### Data supplied
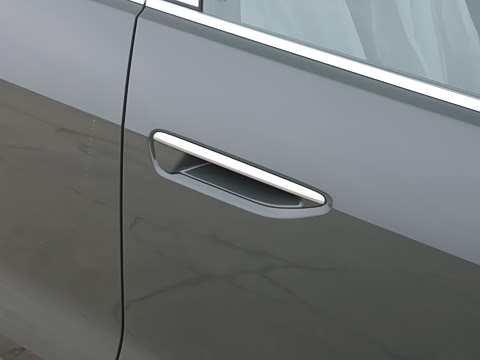 2026�� 2.0T Ǭ���Ǽݰ�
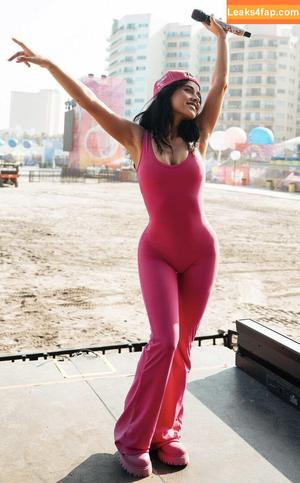 Becky G photo #1059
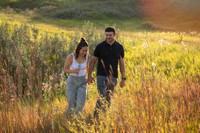 DSC_5931-Edit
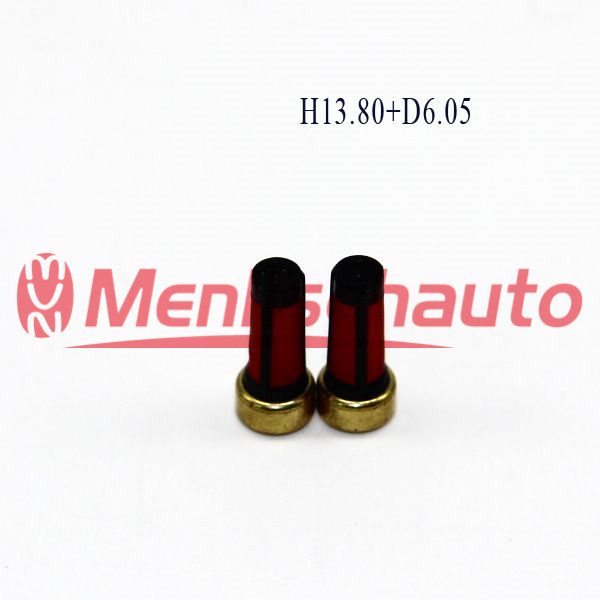 H13.80+D6.05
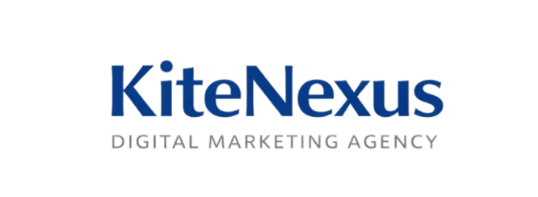 kitenexus-digitalmarketing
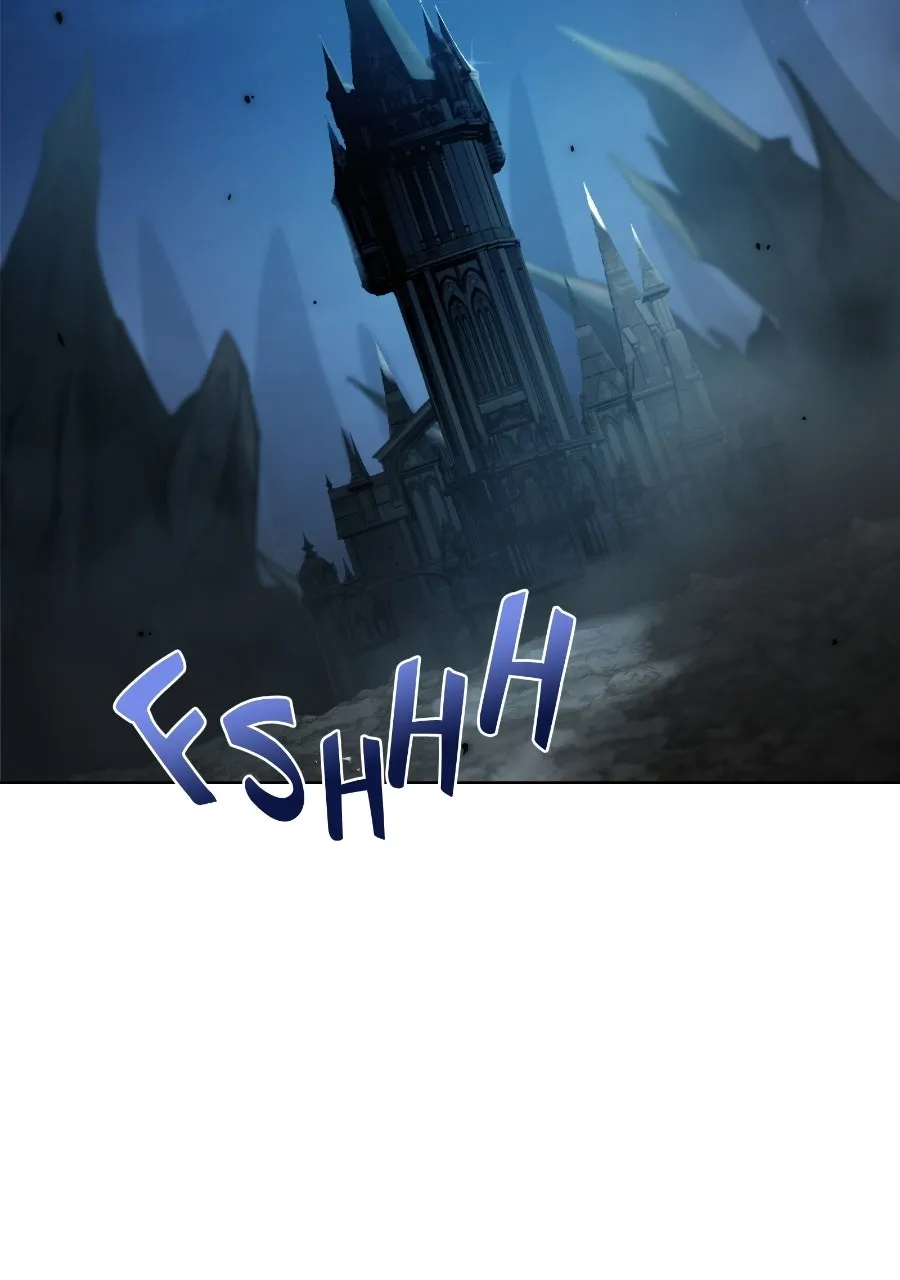 The Luckiest Mage Chapter 11 page 19 - 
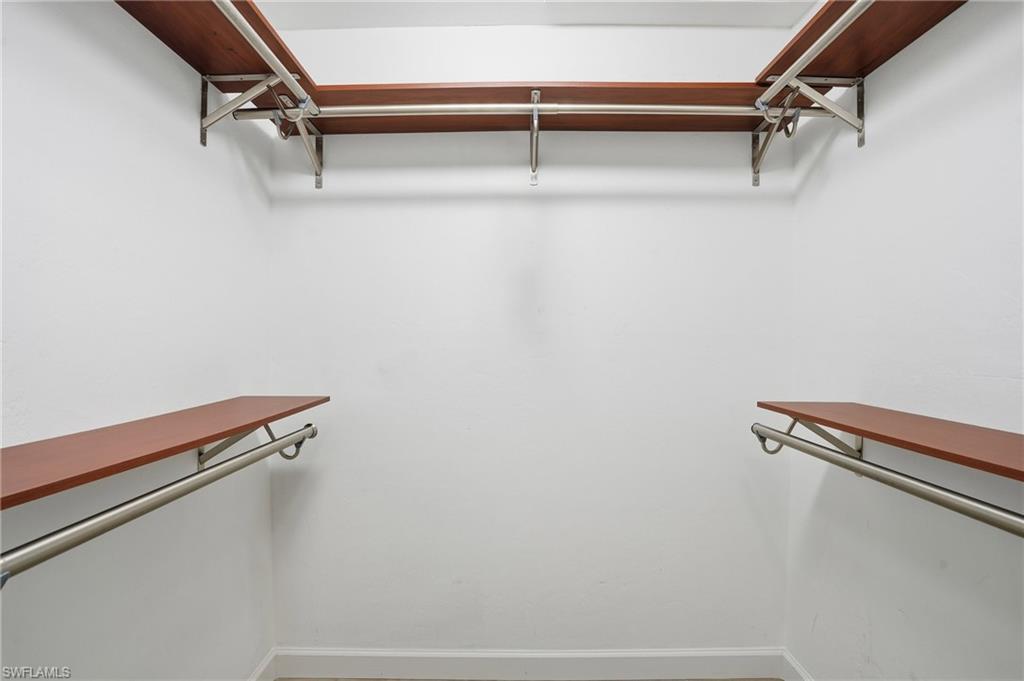 PLANTATION PINES SUBD - Residential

### Task goal
Output all of the entries verbatim, leaving out any images.

### Answer box
 2026�� 2.0T Ǭ���Ǽݰ�
 Becky G photo #1059
 DSC_5931-Edit
 H13.80+D6.05
 kitenexus-digitalmarketing
 The Luckiest Mage Chapter 11 page 19 - 
 PLANTATION PINES SUBD - Residential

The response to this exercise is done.